二分脊椎症児のリハビリテーションに関する研究
二分脊椎のでは、多様な麻痺形態により複雑な下肢の変形、拘縮を引き起こし、そのリハビリテーションアプローチは複雑になります。われわれは主に足部変形に注目し、変形が他の関節に及ぼす影響、治療による変化を動作分析などを通じて研究しています。

先天性四肢形成不全の治療およびリハビリテーションに関する研究
先天性四肢形成不全では、義肢・装具による治療、機能再建手術による治療が行われ、いずれもリハビリテーションが深く関与します。適切な治療法の選択について、動作解析などを用いて臨床研究を行っています。

進行性骨化性線維異形成症の病態に関する研究
平成19年度より難病(難治性疾患克服研究事業の対象疾患)に認定された進行性骨化性線維異形成の病態解明・治療法確立に向け、他施設と共同で臨床研究・基礎研究を進めていきます。

血友病性関節症に対する装具治療と理学療法
血友病は適切な止血管理を継続しないと繰り返す関節出血により関節症を引き起こします。関節症の進行予防、機能改善のための保存的治療について研究しています。

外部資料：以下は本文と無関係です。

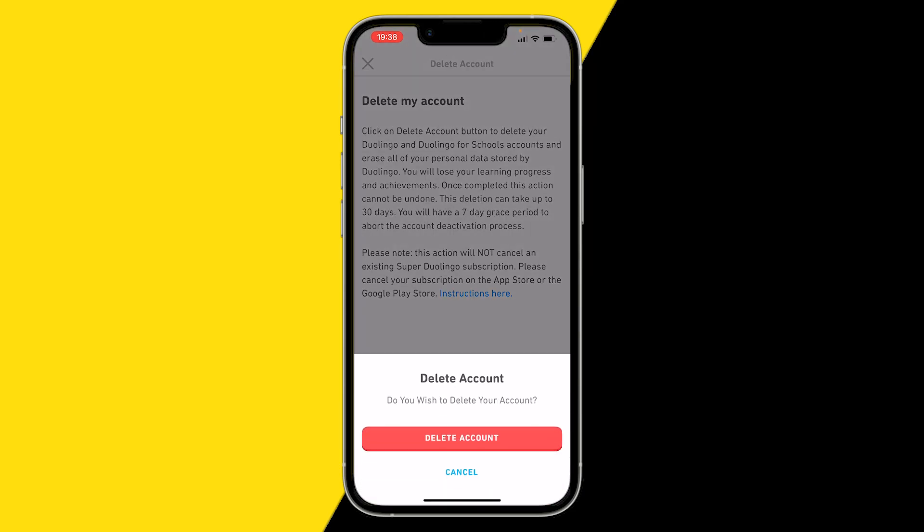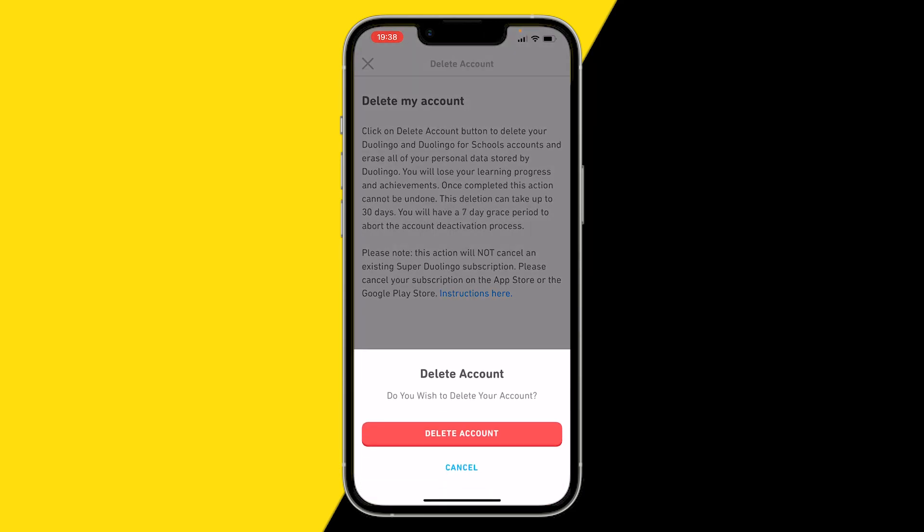Click on delete account, and that's how you can delete your Duolingo account. If you learned something from this video, make sure to like and subscribe — and that's basically it.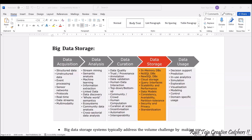At last, we need to use the data. For that, decision support, prediction, in-use analytics, simulation, exploration, visualization, modeling, control, and domain-specific usage — all these fall under data usage.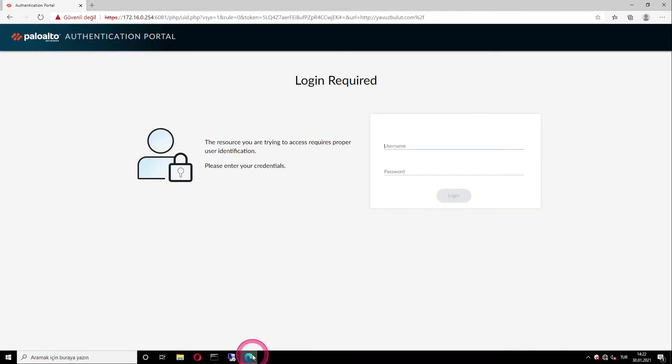As you can see, firewall took us directly to the authentication portal. On this page, we will enter our username and password.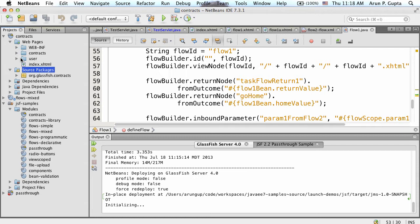JSF 2.2 introduces something called resource contracts or a contracts library. The idea is you have a customizable look and feel but you don't want to duplicate it across different applications by copy-pasting the same CSS. The resource contracts library gives you the ability to bundle all of those contracts - your look and feel - as a JAR file. That JAR file can then be shipped across different web applications, and you can refer to that look and feel using a particular template.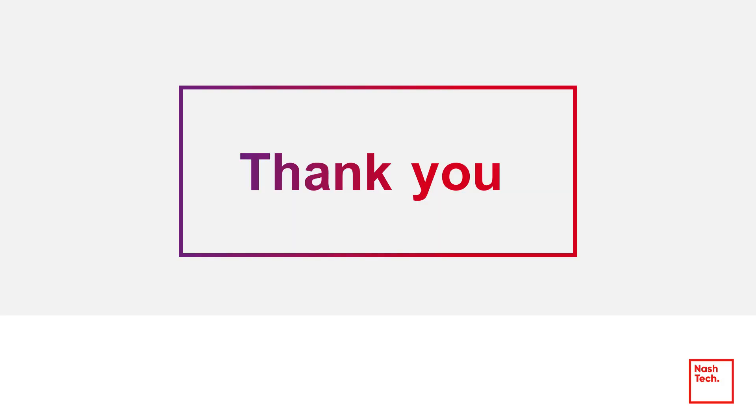Thanks a lot for watching. I hope you find Healenium interesting and can apply it to your project to reduce flaky tests.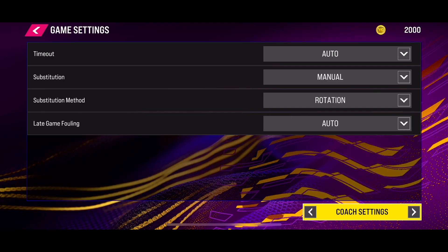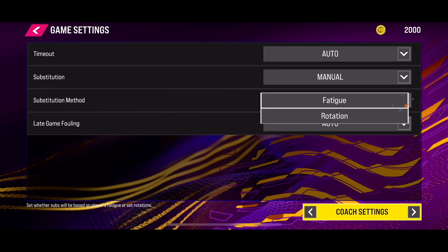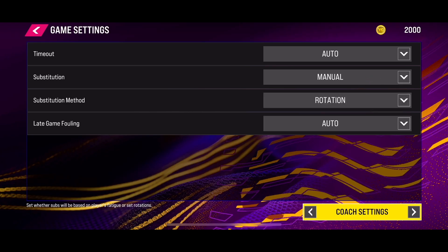By default, the substitution method is set to Rotation, but you can change it to any other setting that you want. This is how you change the substitution method setting in the new NBA 2K25 mobile version. I hope this video helped you — subscribe to this channel for more information about NBA 2K25.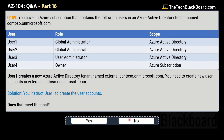Now let's check out the fourth and last variation of this question. The question is exactly the same. The solution says you instruct User1 to create the user account. Does this meet the goal, yes or no? Yes — this is the correct solution, and Yes is the correct answer.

骨系統疾患の診断およびリハビリテーション、長期予後に関する研究
骨系統疾患は全身の骨・軟骨の形成・成長に異常を示す疾患群で、300種類以上が知られています。代表的な症状には、低身長、関節障害、易骨折性があります。われわれは、軟骨無形成症、先天性脊椎骨端異形成症、骨形成不全症といった比較的頻度の高い疾患から、よりまれな疾患まで、診断、リハビリテーションアプローチ、成人後の管理について臨床研究を行っています。

血液悪性腫瘍に対する幹細胞移植時のリハビリテーションに関する研究
血液悪性腫瘍に対する治療、特に造血幹細胞移植を行った場合、体力の低下により身体機能予後が低下することが知られています。われわれは当院で造血幹細胞移植を受ける患者さんに運動療法を行うことで、身体機能予後を改善する取り組みを行い、これを検証しています。